- Directions: Would you return exactly the lines below from the line with "Elegant Outdoor Wedding" through the line with "Vestido corto negro", both included, and nothing else, leaving out the pictures?

** The data follows **

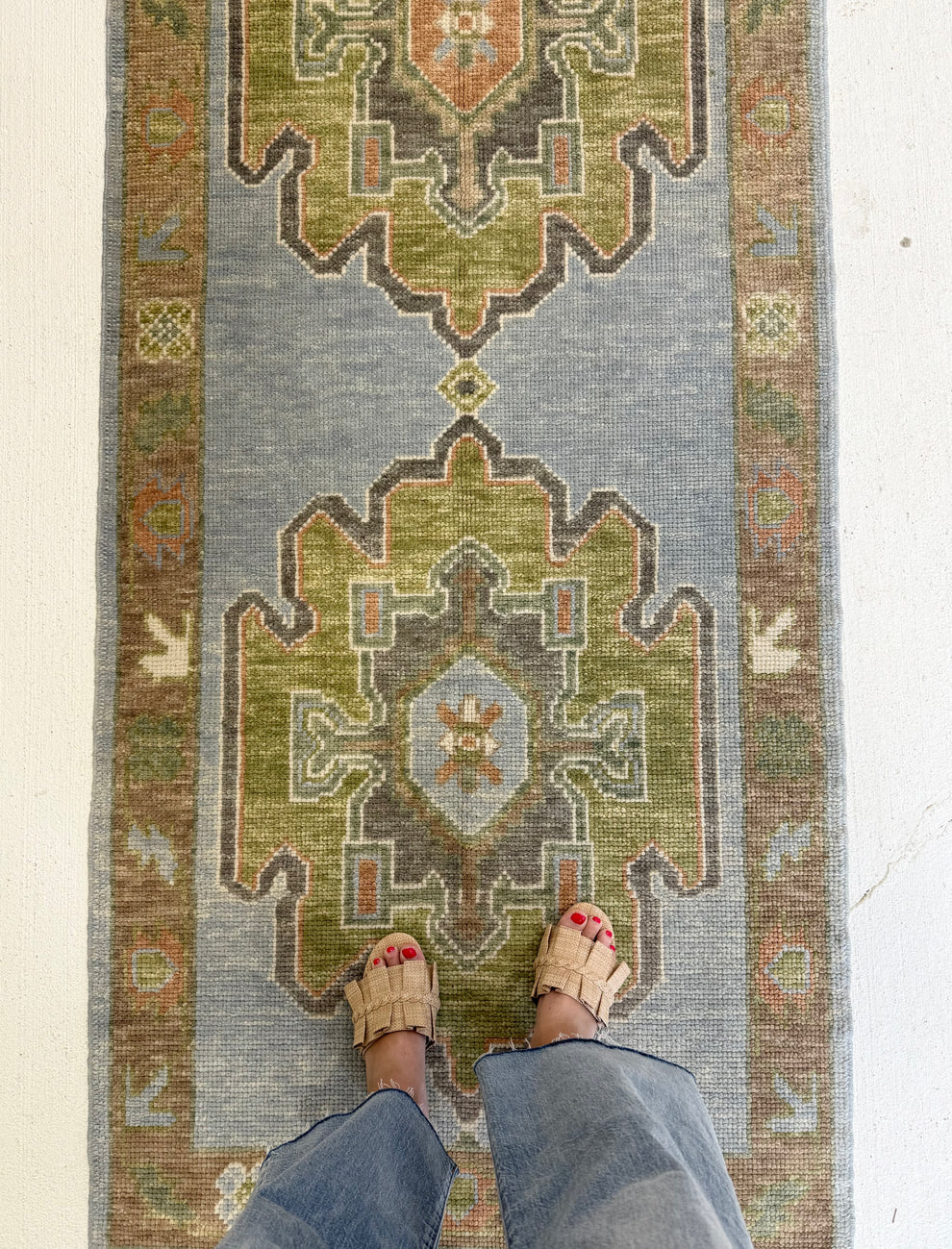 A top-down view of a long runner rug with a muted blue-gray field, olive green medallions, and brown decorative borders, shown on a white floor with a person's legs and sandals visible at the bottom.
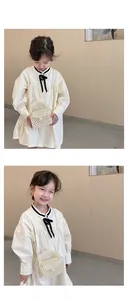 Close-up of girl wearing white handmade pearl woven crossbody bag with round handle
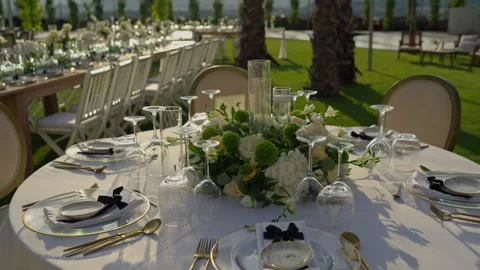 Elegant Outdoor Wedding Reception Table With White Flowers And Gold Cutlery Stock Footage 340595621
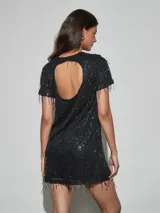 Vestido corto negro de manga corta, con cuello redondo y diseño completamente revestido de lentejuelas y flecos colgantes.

** End of The data **
** The data follows **

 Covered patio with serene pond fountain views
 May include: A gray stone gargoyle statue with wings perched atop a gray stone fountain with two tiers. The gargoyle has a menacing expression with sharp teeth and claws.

** End of The data **

- Result of the task:
 Elegant Outdoor Wedding Reception Table With White Flowers And Gold Cutlery Stock Footage 340595621
 Vestido corto negro de manga corta, con cuello redondo y diseño completamente revestido de lentejuelas y flecos colgantes.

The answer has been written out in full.